What makes The Duke of Burgundy resonate isn’t the assumption that the performative routine going on before us—which is astutely portrayed by the precise and meticulously controlled performances of D’Anna and Knudsen—is just a repetitive and kinky gimmick, but rather that the performative aspects are portrayed as an honest and essential part of the dynamic of this and every other romantic relationship as a whole. It’s like a BDSM version of Certified Copy, or a more vivid extension of Rainer Werner Fassbinder’s The Bitter Tears of Petra von Kant.
Filtered through the outwardly strange fetishistic behaviors of this otherwise tender and loving couple (maybe the farthest thing from what could be accepted as an orthodox relationship between two significant others) we’re meant to recognize in ourselves how we also behave. Despite all outwards appearances what we see is us, and we’re invited to address in ourselves who is submissive, who is dominant, and how much that really matters once the thrill is gone.
The feminine vacuum that Cynthia and Evelyn work within (there are no men in the entire movie and about 99% of it takes place inside the mansion walls) created by Strickland is molded even further when we realize that Evelyn is the one with all the power. She’s the puppetmaster pulling all the strings and conducting what goes on between the two, and her deepening desire for control is the crux of the entire film. For however essential Cynthia is to Evelyn, Evelyn’s enthusiasm to explore these scripted procedures even further becomes the thing that causes Cynthia to gradually back off and question their once inseparable bond.
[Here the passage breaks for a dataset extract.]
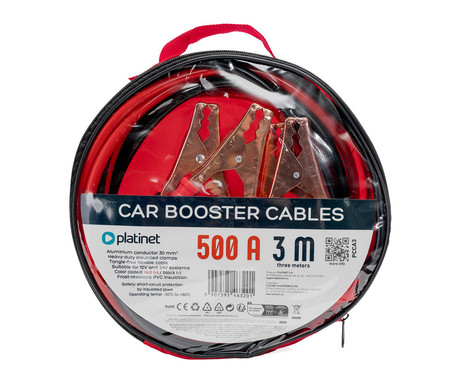 PLATINET PCCA3 vžigalni / jump starter kabli, 500A, 3m, za zagon avtomobilov / kombijev, za 12V / 24V sisteme, izolirane sponke / kleme, prožni kabel, odpornost na mraz, +torba, črno rdeči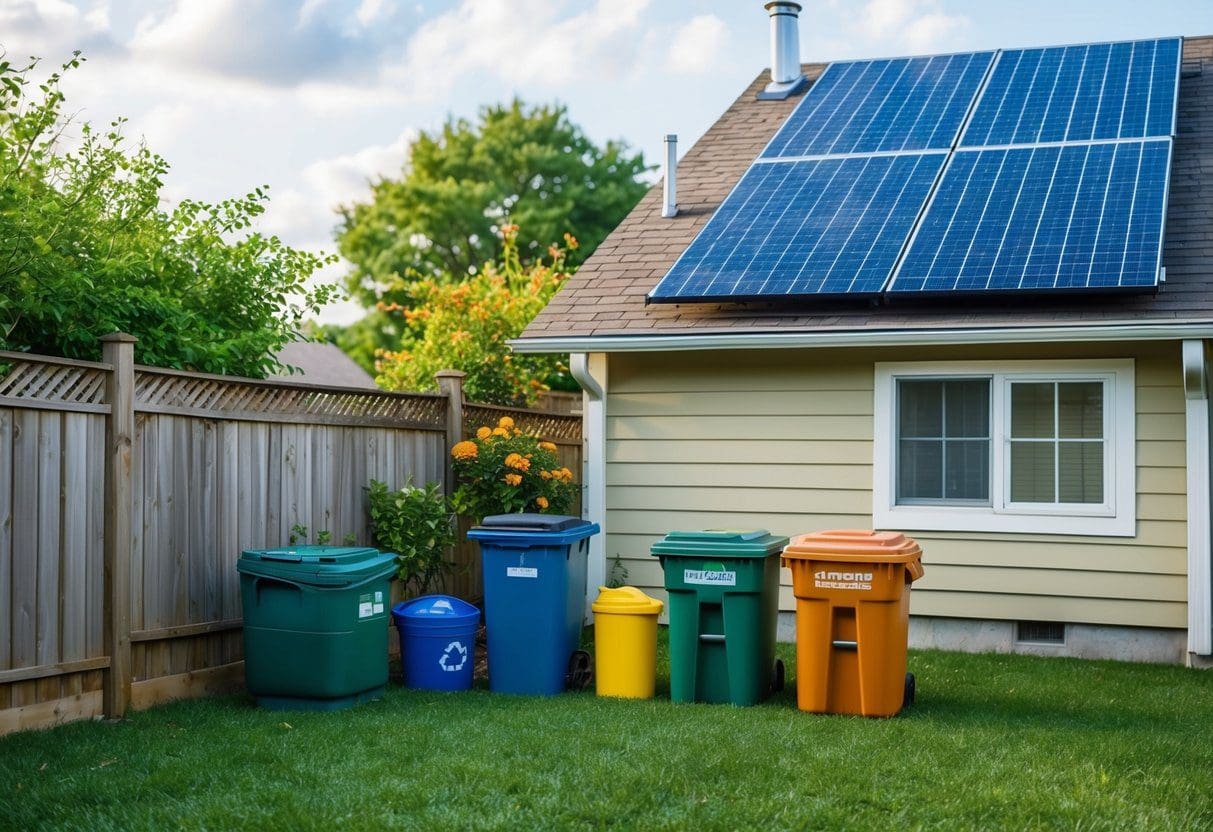 A backyard with a compost bin, rain barrel, and recycling bins next to a solar panel on the roof of the house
It’s a metamorphosis overtly implied by the characters being surrounded by countless specimens of moths and butterflies neatly tacked against the walls in cases throughout the house (both characters happen to be amateur lepidopterists).
Those unwilling to look a bit deeper may find The Duke of Burgundy languishes a bit too much in its slow-burn weirdness, yet those that give themselves over (in a sense we’re no longer voyeurs but participants in the movie) will be wrapped up in its undeniable and eerie eroticism. It’s probably the most downright sexy movies I’ve seen in a very long time, and there’s nary a naked body or overt sexual act throughout the entire runtime. This gets at why the movie is so effective. The Duke of Burgundy captures you, and emphasizes in its fetishism what is both seen and unseen. In any circumstance you won’t be able to look away.